3. What did each unit go through?
A full genealogy: which lot, which operator, which machine, which test result. Without this, recalls and warranty claims become guesswork.
4. Did it pass quality?
In-line QC events tied directly to the work order, with photos, measurements and signoffs stored alongside the unit.
5. Can the next system upstream and downstream read this data?
ERP, WMS, accounting, customer portals, EDI. Real-time, two-way, with audit trails.
Why off-the-shelf MES software often disappoints
I have helped four manufacturers walk away from one of the well-known licensed MES products. The pattern is always the same:
- The standard data model assumes discrete assembly. Your plant runs hybrid batch + discrete and half the screens make no sense.
- Every meaningful customisation is quoted at USD 12–25k by the vendor’s certified partner.
- Year-three license renewals quietly increase 8–15 percent, even after headcount drops.
- The mobile app exists but operators refuse to use it because it takes nine taps to start a job.
- The “OEE module” is an extra SKU. The “downtime tracking” module is another.
- Connecting an old PLC over OPC UA is a 40-hour professional services engagement — every time.
By the time you have paid for licenses, professional services, customisation, and the inevitable yearly maintenance contract, the licensed MES software route is rarely cheaper than building exactly what your floor needs.
Cost comparison: custom MES software vs licensed manufacturing execution systems
Numbers below assume a single plant, 4 production lines, 30 named users on the floor, over three years. They are conservative — vendor quotes for two-plant deployments routinely double these figures.
| Cost item | Licensed MES (Siemens Opcenter / Rockwell FTPC / SAP DMC) | Custom MES software built with me |
|---|---|---|
| Year-1 licenses (30 named users, OEE + quality + genealogy modules) | USD 35,000 – 70,000 | USD 0 |
| Implementation, PLC integration & partner customisation | USD 30,000 – 90,000 | Included in build |
| One-off build (only the screens and integrations you need) | — | USD 10,000 – 15,000 |
| Year-2 and Year-3 licenses + mandatory support | USD 70,000 – 150,000 | USD 0 (only optional support) |
| 3-year total | USD 135,000 – 310,000 | USD 10,000 – 20,000 |
The point is not that licensed MES software is bad — it is that for most single-plant manufacturers it is dramatically over-priced for how little of it they actually use, and the parts they do use rarely match how their lines really run.
What custom MES software gets you that the SaaS suite does not
- Code and data stay yours. You can host it on your own server, your own cloud, or move it to another developer in five years.
- No per-user pricing.

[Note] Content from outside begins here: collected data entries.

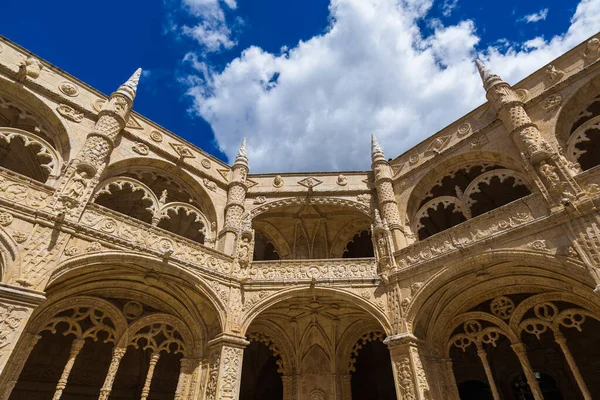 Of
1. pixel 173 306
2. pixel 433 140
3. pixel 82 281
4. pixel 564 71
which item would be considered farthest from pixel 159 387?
pixel 564 71

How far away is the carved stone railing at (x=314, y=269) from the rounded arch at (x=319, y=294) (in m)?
0.41

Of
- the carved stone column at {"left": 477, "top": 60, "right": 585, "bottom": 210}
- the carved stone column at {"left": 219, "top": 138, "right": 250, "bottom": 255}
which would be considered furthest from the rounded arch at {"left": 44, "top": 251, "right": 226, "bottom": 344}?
the carved stone column at {"left": 477, "top": 60, "right": 585, "bottom": 210}

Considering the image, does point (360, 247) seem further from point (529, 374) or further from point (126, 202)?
point (126, 202)

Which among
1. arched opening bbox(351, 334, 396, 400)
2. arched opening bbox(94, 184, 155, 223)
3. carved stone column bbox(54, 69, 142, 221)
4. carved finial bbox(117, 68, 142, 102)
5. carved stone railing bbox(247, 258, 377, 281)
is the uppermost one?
carved finial bbox(117, 68, 142, 102)

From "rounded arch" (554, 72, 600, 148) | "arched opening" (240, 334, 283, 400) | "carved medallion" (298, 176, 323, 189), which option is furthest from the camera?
"arched opening" (240, 334, 283, 400)

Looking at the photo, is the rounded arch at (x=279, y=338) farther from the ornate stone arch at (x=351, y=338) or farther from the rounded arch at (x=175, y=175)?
the rounded arch at (x=175, y=175)

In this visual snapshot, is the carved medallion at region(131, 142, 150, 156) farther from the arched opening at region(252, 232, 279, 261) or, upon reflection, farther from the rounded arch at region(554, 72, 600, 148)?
the rounded arch at region(554, 72, 600, 148)

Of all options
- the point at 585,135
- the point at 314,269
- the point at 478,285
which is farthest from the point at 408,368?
the point at 585,135

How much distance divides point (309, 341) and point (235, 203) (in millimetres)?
5342

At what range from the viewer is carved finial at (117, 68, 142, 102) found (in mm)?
10955

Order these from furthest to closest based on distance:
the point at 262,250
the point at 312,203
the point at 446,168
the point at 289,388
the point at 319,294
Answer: the point at 262,250 → the point at 312,203 → the point at 446,168 → the point at 289,388 → the point at 319,294

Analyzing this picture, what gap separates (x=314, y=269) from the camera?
1073cm

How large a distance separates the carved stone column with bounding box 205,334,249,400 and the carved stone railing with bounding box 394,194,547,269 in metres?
5.06

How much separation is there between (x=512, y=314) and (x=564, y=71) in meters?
6.97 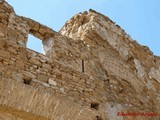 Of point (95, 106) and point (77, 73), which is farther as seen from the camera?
point (77, 73)

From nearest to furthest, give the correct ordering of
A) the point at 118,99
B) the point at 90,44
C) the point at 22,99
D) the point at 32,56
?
the point at 22,99 < the point at 32,56 < the point at 118,99 < the point at 90,44

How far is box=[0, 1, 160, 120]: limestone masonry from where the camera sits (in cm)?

Onboard a seasonal worker for one shift without negotiating a license.
- Screens designed around your real routings — hybrid batch, rework loops, parallel test stations — instead of a generic discrete-assembly template.
- PLC and sensor integration shipped as part of the build, not billed at USD 200/hour every time you add a tag.
- An operator UI a tired second-shift worker can actually use — three taps, big fonts, glove-friendly buttons.
- OEE and downtime calculated the way your plant defines them, not the way the vendor’s data model demands.
How to start
- Pick the single line where you currently lose the most hours to data wrangling and unplanned downtime.
- Define the five MES screens an operator and a shift lead would actually open every day.
- Get a fixed-price proposal in the USD 10–15k range, delivered in 8–12 weeks, including PLC integration on that line.
- Run it alongside the existing process for a month, then expand to the next line once the value is obvious.
If this matches where your plant is, take a look at the rest of what I do at rsmobile.net — most of my custom MES software projects start as a single 30-minute call about one line.
Summary
Off-the-shelf MES software is a defensible choice for a multi-plant enterprise that wants someone else to be responsible for the platform. For most single-plant manufacturers it is an expensive way to use 20 percent of a product that does not match their routings. A custom manufacturing execution system at USD 10,000–15,000 covers the parts your operators really need, costs nothing per user, and pays for itself before the first license renewal arrives.